_WHAT THIS TASK INVOLVES_. Return all of the listing word for word; the pictures stay out.

○ ○ ○

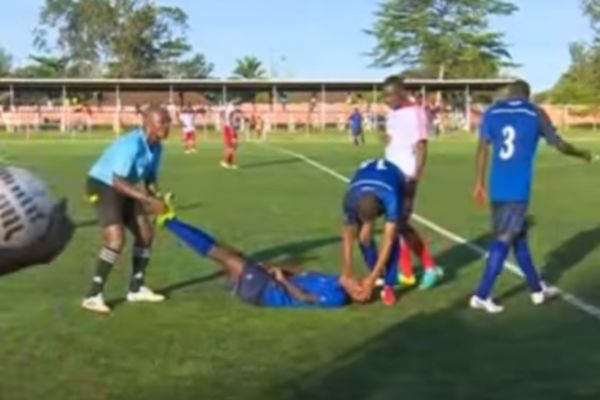 Σοκαριστικό video: Ποδοσφαιριστής «έσβησε» στο γήπεδο! 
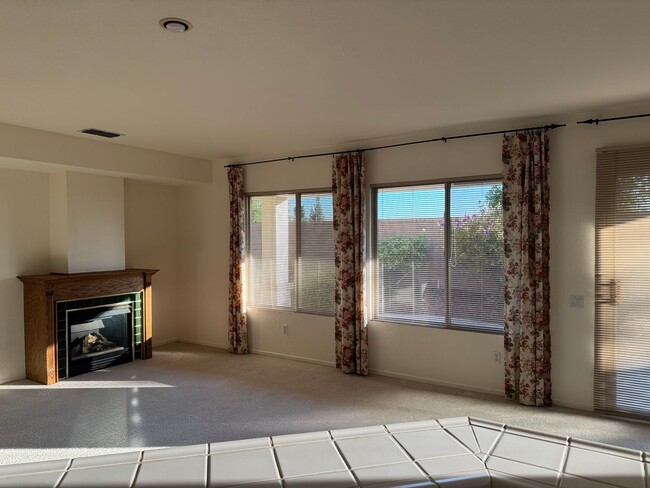 Foto del edificio - DEL WEBB 55+ Home For Rent!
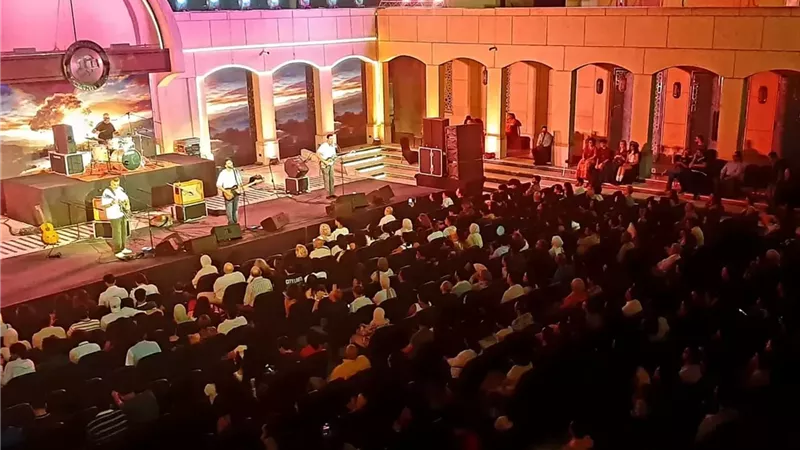 جلاس أونيون تردد أعمال البيتلز فى مهرجان الأوبرا الصيفى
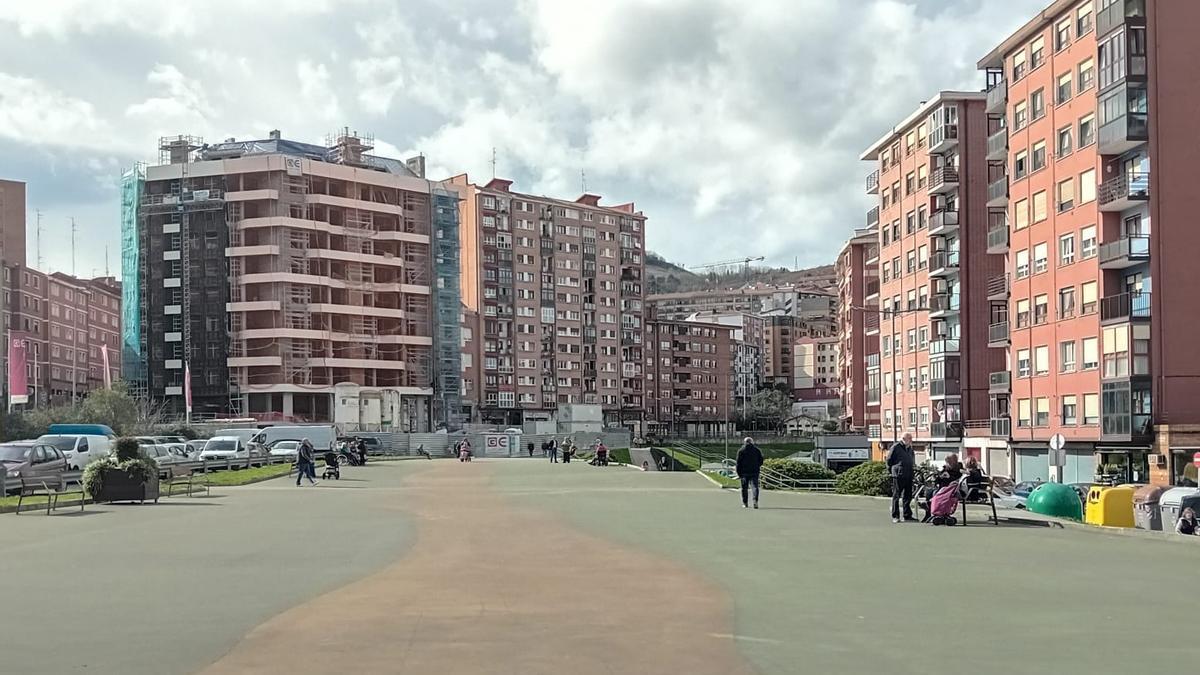 Uno de los edificios de Pozokoetxe que va a ser investigado, durante su construcción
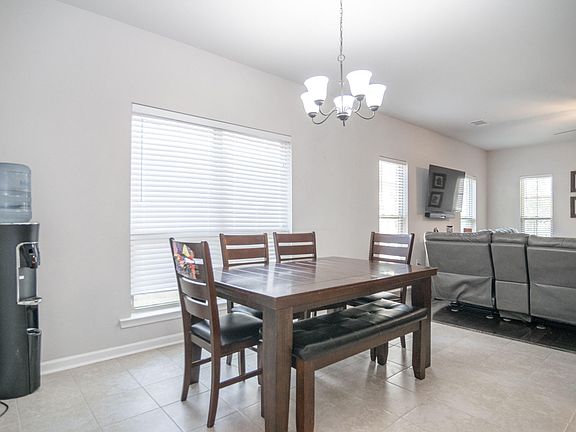4th image of 210 Marston House Dr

○ ○ ○

_PROBLEM SOLUTION_.
 Σοκαριστικό video: Ποδοσφαιριστής «έσβησε» στο γήπεδο! 
 Foto del edificio - DEL WEBB 55+ Home For Rent!
 جلاس أونيون تردد أعمال البيتلز فى مهرجان الأوبرا الصيفى
 Uno de los edificios de Pozokoetxe que va a ser investigado, durante su construcción
4th image of 210 Marston House Dr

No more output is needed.